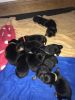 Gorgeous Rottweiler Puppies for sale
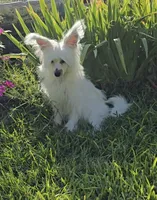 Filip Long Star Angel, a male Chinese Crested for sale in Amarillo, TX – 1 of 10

* * *

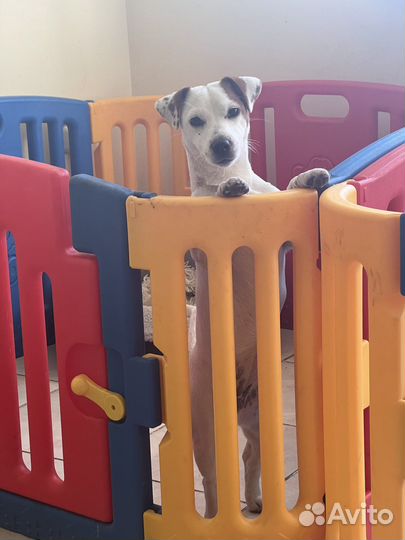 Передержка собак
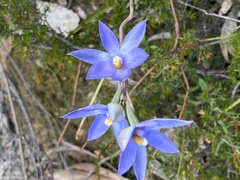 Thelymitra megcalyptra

...

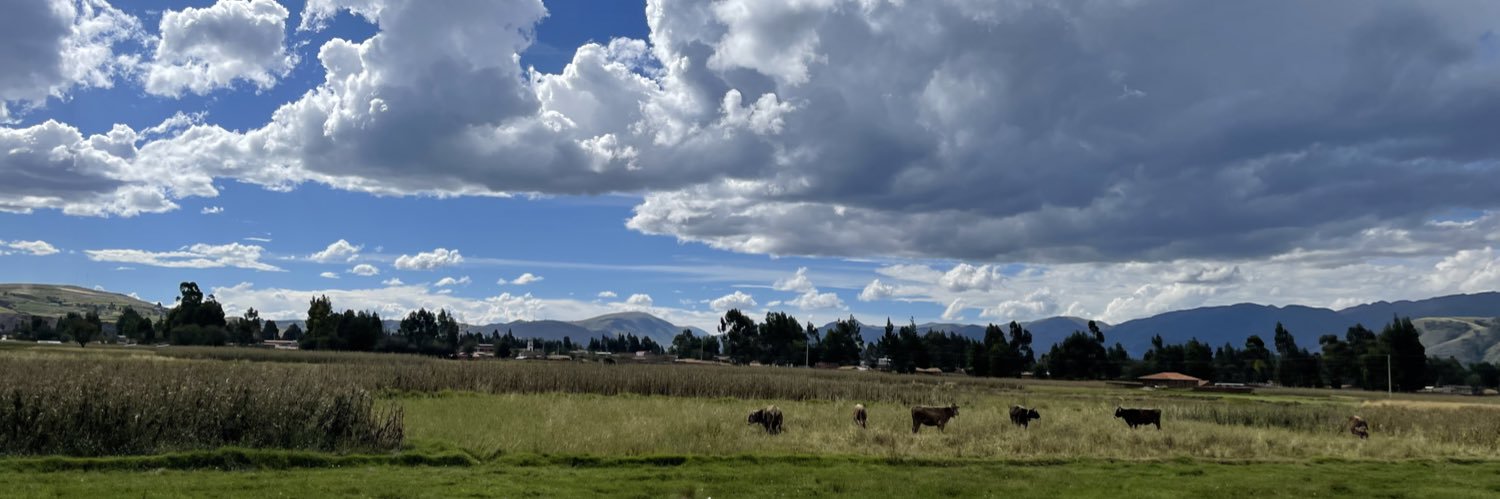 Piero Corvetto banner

### THE PROBLEM
Go back to the lines above and output, exactly as they stand, the ones from the line containing "Gorgeous Rottweiler Puppies for sale" to the line containing "Filip Long Star". Leave all pictures behind.

### RESULT FOR THIS TASK
 Gorgeous Rottweiler Puppies for sale
 Filip Long Star Angel, a male Chinese Crested for sale in Amarillo, TX – 1 of 10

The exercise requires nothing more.